Dans une décision en date du 17 mai 2023 (Cour de cassation, Chambre commerciale, 17 mai 2023, n° 22-16.031, Publié au bulletin), la Chambre commerciale de la Cour de cassation précise tant la notion d’acte de concurrence déloyale dans un contexte de société en formation que les contours de l’imputation de l’acte fautif à ladite société en formation.



Une SAS a assigné une société exerçant une activité similaire d’ingénierie industrielle et d’études techniques, créée par deux de ses anciens salariés, en paiement de dommages et intérêts, lui reprochant des faits de concurrence déloyale.

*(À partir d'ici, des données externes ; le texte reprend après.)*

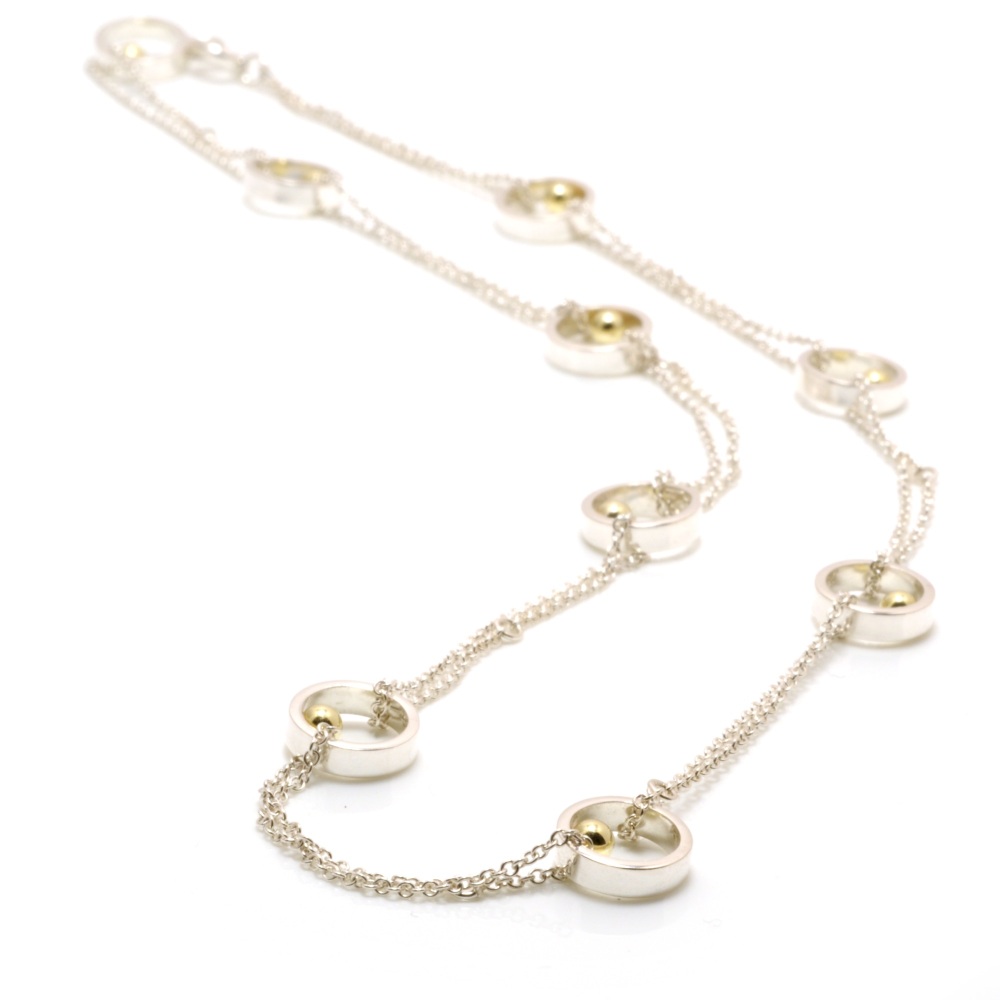 Nine silver open circles with gold ball details looped chain necklace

L’ancien responsable du développement commercial de la SAS, devenu dirigeant de la société nouvellement créée, s’était envoyé depuis son adresse courriel professionnelle au sein de la SAS, et avant donc son licenciement, divers actes commerciaux dont une liste de clients potentiels vers son adresse courriel personnelle.



Par décision du 5 mai 2022, la cour d’appel de Lyon (CA Lyon, 5 mai 2022, n° 18/04705) a condamné la société nouvellement créée à verser à la SAS une indemnité de 15.000 euros pour trouble commercial, aux motifs qu’elle s’était rendue coupable d’actes de concurrence déloyale en ayant détourné, par l’intermédiaire de son dirigeant, des documents commerciaux dont la SAS avait la propriété.


La société nouvellement créée a alors formé un pourvoi devant la Cour de cassation.



Dans un premier temps, la Cour de cassation approuve la cour d’appel, sur le fondement de l’article 1240 du Code civil, d’avoir décidé que la seule détention ou appropriation d’informations confidentielles appartenant à une société concurrente et apportées par un ancien salarié, même non spécifiquement tenu par une clause de non-concurrence, constituait un acte de concurrence déloyale.


La Cour précise en ce sens que la circonstance que la société nouvellement créée n’ait finalement pas effectivement utilisé les données transférées n’est pas de nature à exclure la faute de concurrence déloyale.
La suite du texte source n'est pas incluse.